Celebrity drug dealer executed

Police say it’s clear that someone wanted the well-liked 36-year-old dead after he was shot four times at close quarters

The murder of a 36-year-old celebrity drug dealer and associate of the biker gang community on Tuesday was probably an execution, police say.

Andreas Dybdahl was found in the entryway of his apartment building after being shot four times in the head, chest and side. There were no signs of a struggle, and it appeared that Dybdahl opened the door to his assailant wearing only his underwear before being shot at close quarters.

“By shooting him so many times it seems clear that someone wanted him dead,” a source with knowledge of Copenhagen’s drug underworld told Jyllands-Posten newspaper on Wednesday.
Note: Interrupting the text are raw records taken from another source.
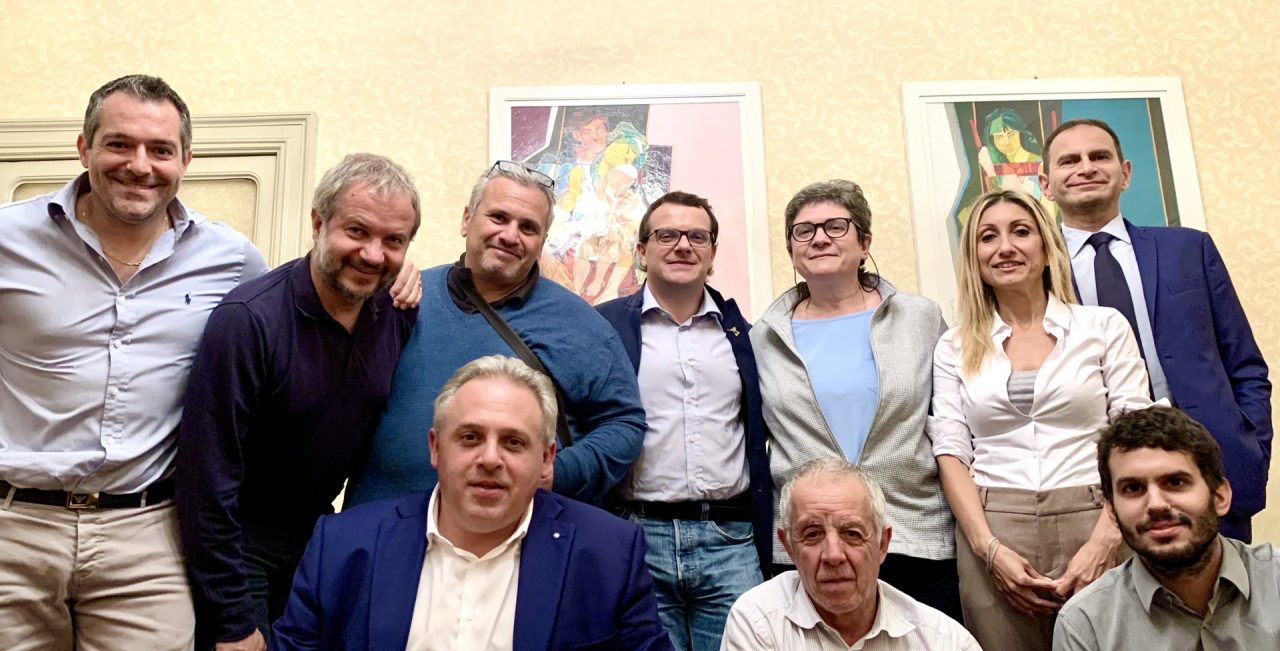 Vade retro mozziconi: la Lega di Como lancia l’appello al sindaco per avere più cestini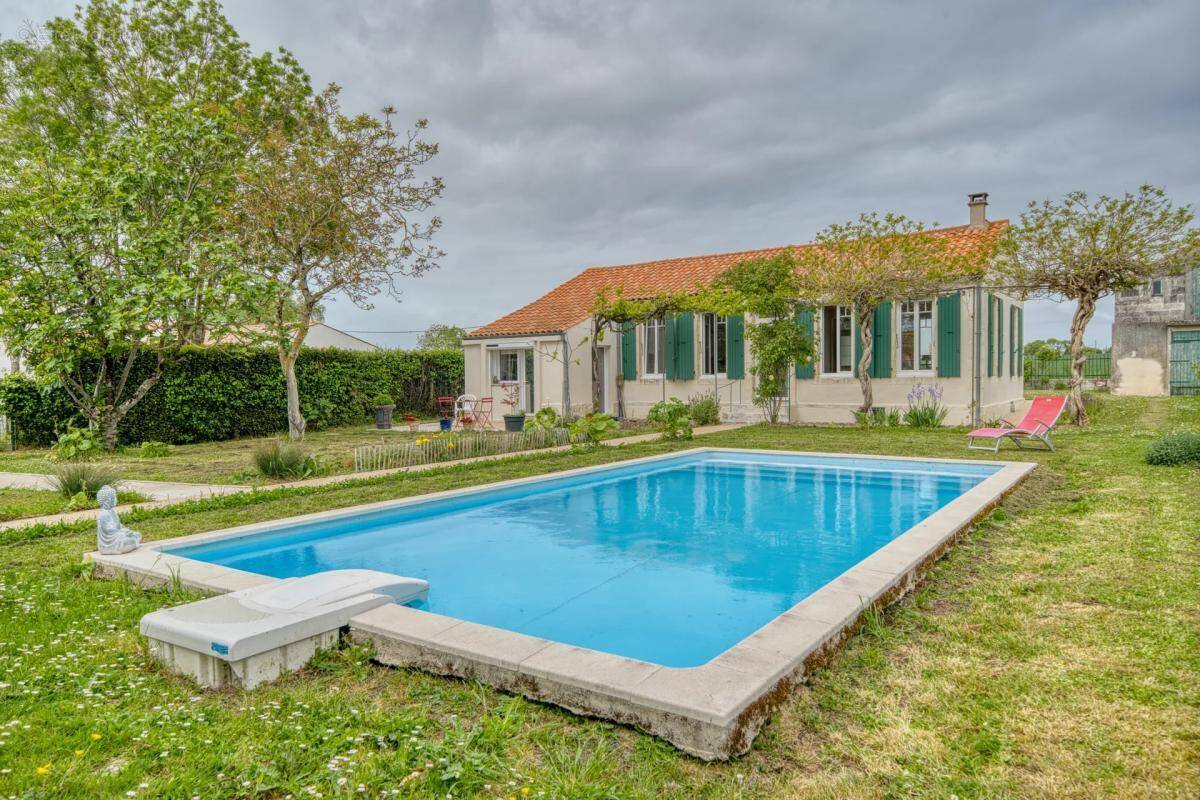 Maison à PORT-DES-BARQUES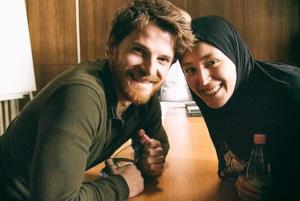 Vule Marković i Fereshteh Hosseini, Među bogovima (2024)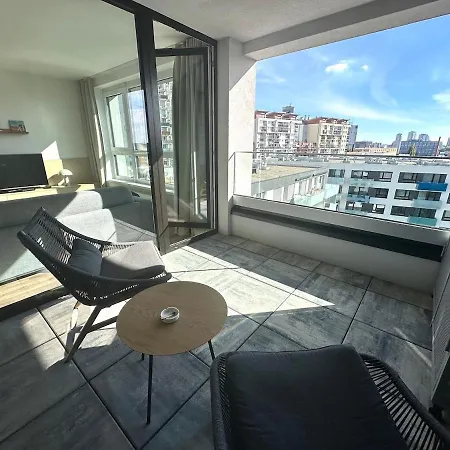 New Modern Near Tipos Arena With Parking *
Speaking to tabloid Ekstra Bladet, Lau Thygesen, head of Copenhagen Police’s organised crime unit, said, “the manner in which it was committed, the sheer determination, shows that he was wanted dead”.

Dybdahl was first discovered an hour later by a shocked neighbour as he was leaving the building. After calling for help, some manual labourers out on the street attempted to administer CPR. Dybdahl died shortly after arriving at Rigshospitalet.

Dybdahl was officially registered at an address on Kenny Drews Vej in Sydhavn but had been living at a ground floor apartment on Rentemestervej 34 for a period of time.

Several of his neighbours in the building told the tabloid Ekstra Bladet that they had noticed the new resident and one neighbour described him as a “nice man”, and as “someone who seemed like they ought to be living in Rungsted”, a wealthy coastal village north of Copenhagen.

But who executed Dybdahl? It’s a question that Copenhagen Police’s gang unit are now working on. The 36-year-old was primarily known to police for drug crime and it seems obvious to search for the motive and assailant here.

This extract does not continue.